Who the hell is Hope? Hope is, hopefully, you. But, if you are over 50, or perhaps over 40, maybe even over 30, getting into the Hope column is likely to depend on folks younger than you prodding you along and even blazing paths for you to pursue. If you are over 60, much less over 70 and headed toward 80, like me, well, let’s do our best, but the reality is that the future lies with young people. So, Hope is young people, 10, 15, 20, 25, 30 years old. And this is a message to Hope.
First, a word or two about words. Reading is good. It matters. But to read, means others must write. Where are the young who are writing, and writing well? Some are certainly doing so, but still too few. Why?
Some oldsters solicit, urge, and prod—but the flow from the young is still only a growing stream compared to the youthful oceanic deluge that society needs. And worse, what about reading? Reading was once a part of life like breathing, but reading is becoming a lost art steadily dissipating into morbid disuse. Yes, many people survey social media nuggets, but those nuggets are often sterile and short. So how will rich insights get learned, taught, and shared?
And what about the streets? Post sixty year olds—even post 50 and likely also post 40 year olds—cannot flood them properly. Too many ties hold oldsters back. Family responsibilities, health, and interminable schedules interfere. Cranky perfectionism and creaky exhaustion interfere. And then there is cynicism, not to mention me-firstism. Only the young can make sufficient space in their lives, minds, and desires to detonate dissent. Only the young can make the world turn in new ways. Only the young have sufficient vigor, sufficient numbers, sufficient mobility, and sufficient capacity to spur sufficient innovative insight, wisdom, and commitment to win a new world. Are some young people trying to do just that? Yes they are. But is it enough? No, it isn’t.
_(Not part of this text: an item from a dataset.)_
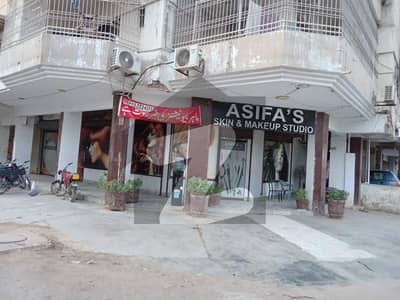Prime Location Gulzar-E-Hijri Shop Sized 950 Square Feet For Rent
Okay, this may seem unfair. Some old timer—me—lucky enough to have spent his critical years in the cauldron of creativity and commitment called the Sixties, now, a near lifetime later, berates, cajoles, and entreats the young to generate much more energy, information, activism, and construction. By what standard, dare I do such a thing?
Surely, if success is the standard, my generation has no right to cajole. Yes, we got off to an impressive start, raucous and righteous. Our efforts did restrain the warmongers. Our efforts did birth women’s, Latinx, environmental, gay and lesbian, movements. There was heroism. There were gains. But we wanted the world and we wanted it now! We did a lot, no one can deny that. But as time passed our energy and commitment aged. What’s our legacy—well, look around.
What did we bequeath to those who followed? Some knowledge, some memory, some organization, some media, even some mentors and lessons. But, honestly, certainly not the world we wanted you to have. Whatever else we accomplished, we failed at that, and that was the point of it all. So where do I get off asking you to deliver what we didn’t deliver? Well, what’s the alternative?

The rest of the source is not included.